Tuesday 16 November 2010

EASY A review

Just about still in cinemas is the new Emma Stone starring high school comedy.
Read my review and find out more, after the jump...


Broadcast via webcast, we hear how high school student Olive Penderghast (Emma Stone), tired of having to explain why she never has a boyfriend, decides to invent a secret liaison with a boy just to shut her friend Rhiannon (Aly Michalka) up. Unfortunately her fake tale of one night romance is overheard by the schools prissy, bible-waving do-gooder Marianne (Amanda Bynes), and the rumour mill starts. Not seeing the need to protect her reputation, Olive agrees to help out a gay friend being bullied, arranging another fake night of passion to complete the ruse he is straight. It's not long before all the bullied kids are knocking on Olive's door hoping to boost their social status, and what's wrong with a girl getting some payment for her fake romantic services?


Olive sees the situation as a way to improve her English class grade (currently reading The Scarlet Letter) but it doesn't take long before the whole school is talking about her as the new school tramp, and Olive can't help but fan the flames a little by embroidering a scandalous red A onto her clothes, just like the main character from the Scarlet Letter.


Avoiding the saccharine predictability that befalls too many teen comedies these days, Easy A owes everything to the bright new star that is Emma Stone. She's impressed before in Superbad and Zombieland, but this is her clear arrival as a leading lady. She's sassy, ballsy and sexy as the charming Olive Penderghast, the kind of cool, witty high school virgin that only seems to exist in the movies. Olive is someone you'd want to be friends with, although you'd have to be prepared to be shot down down by her witticisms.
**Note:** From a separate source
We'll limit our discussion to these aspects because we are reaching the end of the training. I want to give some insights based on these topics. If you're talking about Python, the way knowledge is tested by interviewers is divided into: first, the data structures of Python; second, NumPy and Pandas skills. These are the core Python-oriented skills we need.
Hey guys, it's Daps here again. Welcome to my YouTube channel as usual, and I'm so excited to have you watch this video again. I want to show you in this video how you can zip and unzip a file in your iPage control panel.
Here, Emma Stone definitely stakes her claim as a new queen of comedy, and in line with her character's fond reminiscence of John Hughes high school comedies, is easily able to combine the redhead rebellion of Molly Ringwald with the smart mouth of Ferris Bueller. She's smarter than you, and she knows it. Easy A roughly follows the plot of The Scarlet Letter, and whilst not being a straight re-telling, it does what the best high school literary adaptations have done in the last 15 years by using what's important and ditching the rest.
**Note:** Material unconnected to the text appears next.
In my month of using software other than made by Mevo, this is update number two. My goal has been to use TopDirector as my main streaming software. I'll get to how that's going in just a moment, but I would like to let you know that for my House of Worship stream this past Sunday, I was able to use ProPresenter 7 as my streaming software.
Although Olive does have a central love interest (Gossip Girl's Penn Badgley), he's not introduced until later in the story. For the most part, Olive's adrift in a world of loners and boners, having to contend with the desires of a parade of high school boys. Luckily, what she does have is the worlds coolest parents, obviously where she gets her smart as a whip sense of humour from. Patricia Clarkson and Stanley Tucci are a great double act as Olive's (perhaps a bit too) liberal parents, turning a blind eye when their daughter announces she is in detention for calling another student a certain slang term for a piece of anatomy. It's a house of laughter where they guide and love her, but allow Olive to learn from her mistakes.


I actually enjoyed parts of Will Gluck's previous directorial effort, 2009's cheerleader comedy, Fired Up! It took what I expected to be a formulaic high school film and laced it with a dry, witty and at times acerbic sense of humour. Both films carry that similar sense of humour, picking apart the addictive but lame parts of life. Take Easy A's constant use of Natasha Bedingfield's 'Pocket Full Of Sunshine' as an example; it gets highly addictive. If Gluck continues making films this smart and funny, I'm confident he'll become a big comedy director.


It does veer towards predictability towards the end, but has a nice nostalgic nod to John Hughes' films that'll make you leave smiling. Easy A is smart and sassy, and well informed by all the teen movies that have come before it. A word of warning though...be prepared to have 'Pocket Full of Sunshine' in your head for the next few weeks.